Crude can’t crank higher unless it stays above the key $60 level, says expert technician Louise Yamada.

Tightening global supplies have proved bullish for the commodity this year, with U.S. West Texas Intermediate crude prices currently hovering near five-month highs. But the upward action has also been quite volatile, as economic and geopolitical factors have wielded increasing influence over prices.

And if you ask Yamada, who runs Yamada Technical Research Advisors, oil prices are facing some serious resistance that can’t be topped without similarly strong support.

“Right here, $60, $60-61, is an important support on any pullback,” Yamada told CNBC’s “Futures Now” on Thursday. “I’d like to see that hold if we’re going to see a consolidation that suggests higher levels. So, let’s say $60 is an important support.”

At the same time, crude is bumping up against resistance at the $64 level, which it failed to hold in Friday’s session.

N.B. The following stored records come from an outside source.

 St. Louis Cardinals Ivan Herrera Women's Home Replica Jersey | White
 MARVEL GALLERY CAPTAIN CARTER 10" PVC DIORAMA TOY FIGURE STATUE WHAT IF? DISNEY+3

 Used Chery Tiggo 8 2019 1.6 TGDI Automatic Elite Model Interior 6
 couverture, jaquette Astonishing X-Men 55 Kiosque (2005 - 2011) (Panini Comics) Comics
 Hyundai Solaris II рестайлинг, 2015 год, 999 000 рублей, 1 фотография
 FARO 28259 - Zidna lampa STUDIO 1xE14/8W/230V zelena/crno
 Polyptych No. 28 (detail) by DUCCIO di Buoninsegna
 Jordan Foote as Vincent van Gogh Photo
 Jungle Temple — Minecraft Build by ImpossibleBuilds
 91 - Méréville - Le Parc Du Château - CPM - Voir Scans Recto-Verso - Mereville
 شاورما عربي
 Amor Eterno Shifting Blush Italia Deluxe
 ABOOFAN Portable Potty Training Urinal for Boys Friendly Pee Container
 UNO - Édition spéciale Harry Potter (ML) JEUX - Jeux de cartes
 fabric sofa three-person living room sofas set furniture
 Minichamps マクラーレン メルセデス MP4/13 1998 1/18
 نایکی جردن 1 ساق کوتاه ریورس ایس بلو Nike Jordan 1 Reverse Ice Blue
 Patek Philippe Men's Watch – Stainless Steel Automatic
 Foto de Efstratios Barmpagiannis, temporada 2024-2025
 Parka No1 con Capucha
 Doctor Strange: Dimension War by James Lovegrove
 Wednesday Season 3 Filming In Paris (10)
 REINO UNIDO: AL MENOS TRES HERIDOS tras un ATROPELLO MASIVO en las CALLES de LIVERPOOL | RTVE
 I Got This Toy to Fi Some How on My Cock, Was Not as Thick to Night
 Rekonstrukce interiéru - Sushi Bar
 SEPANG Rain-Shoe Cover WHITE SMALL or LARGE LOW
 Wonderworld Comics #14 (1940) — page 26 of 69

“So far, oil has achieved our first target of $63 and, at the moment, it’s gone through the 200-day moving average, which is a plus,” Yamada acknowledged. “But it’s headed up into this 2018 resistance level — that’s almost a yearlong resistance — so I would suspect that we get a little consolidation. It could pull back toward the 200-day [at] $61.60.”

If the stars align — crude’s 50-day moving average crossing above the 200-day moving average at the same time as the price moves above $65 a barrel — Yamada gets more bullish.

“We have an outstanding target at $70” if those two things happen, she said. “But our real concern here was the resistance around $63, $64. So we want to see how it negotiates that level. We did have a nice positive divergence in the daily momentum back in December, suggesting that the low that we saw was a reversal, which we got. [...] So this may be a resting point before, and if, prices go higher.”

And while crude’s daily and weekly momentum indicators are still positive, “it’s the monthly that concerns us,” Yamada warned. “It’s close, but has not moved into a positive position. If it did, then I think, possibly, you could see it move higher. But at the moment I think it’s due for a little bit of a rest.”

WTI crude oil prices ended Friday’s trading session fairly flat, up less than half of 1%. On Thursday, RBC Capital Markets raised its 2019 forecast for international Brent crude, the global benchmark, to

$75 and forecast bouts of $80 crude throughout the summer.